Cuando llegó el turno del famoso carnaval carioca, me hallé sentado con un festivo gorro de plástico sobre la cabeza, una copa de champagne en una mano y una matraca en la otra, mirando cómo todos bailaban. En particular, mirando cómo bailaba la hermana de María, esa que está media pirucha y que vive con ella. Había que verla cómo revoleaba la matraca al tiempo que movía el esqueleto y hacía soplar un silbato. Y eso que tiene más de ochenta; debe tener como noventa más o menos.

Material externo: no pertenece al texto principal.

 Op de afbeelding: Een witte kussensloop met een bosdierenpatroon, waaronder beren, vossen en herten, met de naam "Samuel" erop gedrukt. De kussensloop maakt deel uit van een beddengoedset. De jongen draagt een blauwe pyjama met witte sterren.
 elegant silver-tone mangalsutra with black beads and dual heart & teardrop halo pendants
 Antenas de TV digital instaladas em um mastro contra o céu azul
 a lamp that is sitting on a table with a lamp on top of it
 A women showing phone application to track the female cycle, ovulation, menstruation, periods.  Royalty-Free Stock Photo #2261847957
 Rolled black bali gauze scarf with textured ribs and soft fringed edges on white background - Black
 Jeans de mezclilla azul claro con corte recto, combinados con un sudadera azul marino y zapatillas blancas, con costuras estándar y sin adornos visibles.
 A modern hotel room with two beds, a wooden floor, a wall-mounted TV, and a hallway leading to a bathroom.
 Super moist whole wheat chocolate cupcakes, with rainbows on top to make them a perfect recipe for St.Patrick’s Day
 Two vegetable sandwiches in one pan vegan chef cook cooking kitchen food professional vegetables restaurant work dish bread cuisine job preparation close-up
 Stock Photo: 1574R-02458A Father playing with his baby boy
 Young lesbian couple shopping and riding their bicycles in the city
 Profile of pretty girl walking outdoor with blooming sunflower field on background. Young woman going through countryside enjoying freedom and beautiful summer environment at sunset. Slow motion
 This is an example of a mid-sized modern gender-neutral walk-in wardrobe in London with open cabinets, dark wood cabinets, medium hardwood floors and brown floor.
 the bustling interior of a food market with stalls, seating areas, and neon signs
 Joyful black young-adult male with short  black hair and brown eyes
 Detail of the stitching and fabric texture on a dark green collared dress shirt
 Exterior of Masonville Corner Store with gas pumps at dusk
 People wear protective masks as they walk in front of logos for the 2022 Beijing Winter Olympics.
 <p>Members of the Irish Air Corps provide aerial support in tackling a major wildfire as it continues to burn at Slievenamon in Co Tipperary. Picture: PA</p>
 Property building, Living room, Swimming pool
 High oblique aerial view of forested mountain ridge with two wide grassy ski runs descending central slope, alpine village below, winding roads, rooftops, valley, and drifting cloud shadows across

Y tanto me perdí en mirarla, admirar su manera de divertirse que la atraje, porque cuando menos lo pensé la tenía delante de mí, como agitándome, como convocándome a la fiesta, como enseñándome; moviendo delante de mis narices su diminuta y arrugada figura, sacudiendo la matraca en torno a mis ojos, soplando el silbato contra mi cabeza. Dándome una lección de juventud.

***

Le costó a María soplar las velitas; no porque no tuviera aire suficiente sino porque vaya a saber qué pensamientos la paralizaron frente a esos fuegos flacos. Simplemente se quedó meditativa frente a ellas, frente a la torta. Y se resistió a soplar. Aunque ya habíamos cantado como tres veces el feliz cumpleaños, ella no cumplió su parte del ritual. Tal vez no terminaba de decidirse por sus tres deseos. O quizás se dio cuenta como nunca antes que estaba cumpliendo ni más ni menos que ochenta, y le dio miedo. Pero tranquila, María, algo me dice que en diez años mi mujer me estará avisando con diez meses de anticipación que habrá un sábado por la noche que tendré que reservar sin excusas.